Now, that makes me wonder why the FDA is going on about their advanced modeling work on the kratom alkaloids, when there is already experimental evidence for whether they bind human opioid receptors. The agency’s press release does mention that “This model, together with previously available experimental data, confirmed that two of the top five most prevalent compounds (including mitragynine) are known to activate opioid receptors“, and this must the some of that previously available data. Needless to say, I believe that it’s much stronger evidence than a computational model, which is a view that would be shared by molecular modelers themselves. Well-controlled experimental data are the aces in the scientific deck.

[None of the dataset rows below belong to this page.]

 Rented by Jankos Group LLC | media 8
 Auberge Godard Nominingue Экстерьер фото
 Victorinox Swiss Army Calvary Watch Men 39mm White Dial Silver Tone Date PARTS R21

There are more interesting details about the pharmacology of these alkaloids (specifically, the pathways that they activate once the bind to the receptors), but I’ll save those details for another day. The point is that yes, kratom’s active constituents do indeed act on opioid receptors – possibly in a way that would corroborate the reports of them being useful for helping with traditional opioid withdrawal, but that remains to be put to the test under controlled conditions as well. As you’d imagine, the evidence at the moment for that use is an interesting but totally mixed-up anecdotal stew, from which it would be hazardous to draw anything actionable.
It would appear, then, the the FDA is well within its purview to regulate kratom. We’ve sort of grandfathered in the coffee and tea plants, and the pharmacology of caffeine has been well worked out by now, but if you set up a business openly selling coca leaves or khat, you can expect a visit from the authorities as well. The same goes for kratom. Calling it an “herb” is meaningless; biomedically that’s not a real category in the way that people like to use it. Strychnine is an herb.
There’s a lot of commentary running around to the effect that “You can’t patent a plant, man, so the big drug companies are coming down on kratom“. The overlap of recreational drug use with expertise in patent law is small, though. The kratom alkaloids would appear to be perfectly legitimate starting points for a medicinal chemistry program, if you’re interested in differentiating opioid receptor effects (technically, the G-protein signaling versus the beta-arrestin pathway) and if you think that has medical promise. Leaving aside the various paths to patentability that exist already, the compounds that resulted from such an effort would most certainly be patentable if they have any utility at all. It won’t be easy – the syntheses of these things are longer than we like in this business, and CNS receptor pharmacology is not easy to unravel even on a good day. It may be that the whole hypothesis here is wrong, and that the reports of kratom’s use in opioid addiction have been enhanced by a strong placebo effect. I have no idea. But with enough time and money and effort, it’s definitely possible to find out.
It’s the FDA that’s coming down on kratom, and if you think those guys are there to carry water for us in the industry, we have some rueful counterexamples to show you. No, they’re there to regulate the sale of drugs, and kratom is a drug. Maybe it’s a useful drug, maybe it’s a harmful drug of abuse, maybe it can be either one depending on the circumstances. But a drug it most certainly is.